Ruhrtrilogie dritter Teil in Mülheim - Theater Ruhr 07/10

Duschen bei 10 Grad Außentemperatur. Bohnen kochen am Lagerfeuer. Einen Menschen verschwinden lassen. Mit dem Hengst ausreiten. Der „perfekte Tag“ in René Polleschs drittem Teil seiner Ruhrtrilogie fand wieder auf der Mülheimer Brache statt, wo im letzten Jahr bereits die Filmstadt „Cinecittà“ von Bert Neumann gestanden hat. Und dort soll der Schauspieler Fabian Hinrichs nun das Rad neu erfinden. Spärlich bekleidet, mit endlosen Textmengen und großen Gesten erklärt er die existenzielle Lüge der menschlichen Evolution, die zwar Hunderte von Gegenständen erfunden habe, aber über den wichtigsten Teil ihres Daseins so gut wie nichts wisse. Und so ist der perfekte Tag, den Hinrichs vollmundig zu Beginn ankündigt und der bis in die Morgenstunden reichen soll, nicht das Hawaii in Mülheim, er umrahmt das ewige Unbehagen vor einer Gesellschaft, in der die Lüge perfektioniert wurde und funktioniert, obwohl alle ihre Unwahrheit erkennen.

Nur wenn der Zuschauer also die Nicht-Wahrheit hinter den Kulissen bemerkt, kann er zuhören, hören, was Pollesch mit „du verstehst all das, was zum Verstehen und zum Hören und zur Kommunikation beitragen soll, aber du hörst mich nicht abseits dieses Verstehens“ tatsächlich meint. Nämlich das brutale Kommunikationslose zwischen den jeweiligen Körpern. Und damit ist der letzte Teil des über drei Jahre gespannten Open-Air-Projekts, in dem die Stadtlandschaft Ruhr und auch die Kulturhauptstadt nur eine tragende Nebenrolle spielen, das Ergebnis der zwei Tatbestandsbeschreibungen vorher. Quasi die Synthese aus dem, was sich dem Konsum entzieht und dennoch dazu beiträgt, ihn zu ermöglichen.

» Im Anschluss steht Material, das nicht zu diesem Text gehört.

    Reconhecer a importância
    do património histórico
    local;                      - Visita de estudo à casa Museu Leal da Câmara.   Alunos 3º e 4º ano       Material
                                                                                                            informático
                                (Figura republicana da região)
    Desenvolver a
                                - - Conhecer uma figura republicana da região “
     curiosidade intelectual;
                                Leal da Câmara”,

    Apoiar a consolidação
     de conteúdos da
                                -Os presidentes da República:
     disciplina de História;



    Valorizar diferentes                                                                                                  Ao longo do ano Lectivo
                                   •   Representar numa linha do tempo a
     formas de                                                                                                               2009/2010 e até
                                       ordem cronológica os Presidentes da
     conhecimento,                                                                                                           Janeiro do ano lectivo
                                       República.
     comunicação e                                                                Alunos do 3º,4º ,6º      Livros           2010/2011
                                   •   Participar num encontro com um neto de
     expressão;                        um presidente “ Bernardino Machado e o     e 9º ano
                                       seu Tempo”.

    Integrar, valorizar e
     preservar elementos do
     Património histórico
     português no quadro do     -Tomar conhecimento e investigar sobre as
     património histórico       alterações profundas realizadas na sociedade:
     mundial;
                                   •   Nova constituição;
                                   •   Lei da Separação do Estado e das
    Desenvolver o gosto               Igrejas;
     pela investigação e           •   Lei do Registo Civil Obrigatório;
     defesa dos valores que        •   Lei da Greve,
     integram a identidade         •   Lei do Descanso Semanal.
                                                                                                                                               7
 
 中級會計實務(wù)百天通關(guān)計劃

Fabian Hinrichs ist dafür der perfekte Protagonist. Bert Neumann der perfekte Bühnenbildner. Der Schutt einer untergegangenen Industrieregion der perfekte Untergrund. Dem Tod gehört natürlich die Schlusssequenz der Arbeit über unsere Gesellschaft der Lügen. Und auch Polleschs Zukunftsvision. Wir müssen zur nächsten Gesellschaft übergehen, das Rad neu erforschen und erfinden. Dann können wir „einen anderen Typ der Individualität erfinden. Wesen, die nicht sklavisch an der Wahrheit kleben“. Und das hat nichts mehr mit der großartigen Ich-Erfindung zu tun, die vergessen hat, wofür ihr Herz überhaupt schlägt. Die Bohnen auf dem Lagerfeuer sind da längst verbrannt, der verschwundene Mikrofongalgenträger hat sich aus der Zauberdecke davongestohlen. Ein perfekter Abend ist zu Ende.